- _Requirement_
When the line containing "Nurses with survivors at evacuation center" is found in the data below, copy it and each line after it through the line containing "Detail of gold", exactly and with no others.
*** Supplied records ***
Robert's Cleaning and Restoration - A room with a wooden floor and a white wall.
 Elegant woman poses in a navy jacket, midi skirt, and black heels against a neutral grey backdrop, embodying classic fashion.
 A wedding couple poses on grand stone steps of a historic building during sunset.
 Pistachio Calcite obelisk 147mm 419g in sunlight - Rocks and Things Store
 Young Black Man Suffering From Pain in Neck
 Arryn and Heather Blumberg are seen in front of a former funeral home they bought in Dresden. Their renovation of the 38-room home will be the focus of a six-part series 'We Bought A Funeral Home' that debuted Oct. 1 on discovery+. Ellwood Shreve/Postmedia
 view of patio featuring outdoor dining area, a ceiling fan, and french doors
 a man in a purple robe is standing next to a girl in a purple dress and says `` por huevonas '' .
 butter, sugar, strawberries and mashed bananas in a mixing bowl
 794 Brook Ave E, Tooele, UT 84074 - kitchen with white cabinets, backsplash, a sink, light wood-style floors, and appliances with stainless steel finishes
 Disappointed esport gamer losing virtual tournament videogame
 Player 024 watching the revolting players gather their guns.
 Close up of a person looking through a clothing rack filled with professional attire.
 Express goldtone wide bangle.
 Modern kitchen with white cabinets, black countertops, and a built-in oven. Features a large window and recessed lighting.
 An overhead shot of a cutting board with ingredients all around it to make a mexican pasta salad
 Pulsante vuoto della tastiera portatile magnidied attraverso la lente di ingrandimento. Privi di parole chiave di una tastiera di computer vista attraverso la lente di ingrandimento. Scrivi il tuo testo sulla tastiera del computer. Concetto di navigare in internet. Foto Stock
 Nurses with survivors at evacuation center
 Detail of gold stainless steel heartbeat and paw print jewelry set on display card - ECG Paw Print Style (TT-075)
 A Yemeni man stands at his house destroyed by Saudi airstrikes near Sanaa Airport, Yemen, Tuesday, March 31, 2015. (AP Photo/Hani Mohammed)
*** End of Supplied records ***
- _Solved problem_
 Nurses with survivors at evacuation center
 Detail of gold stainless steel heartbeat and paw print jewelry set on display card - ECG Paw Print Style (TT-075)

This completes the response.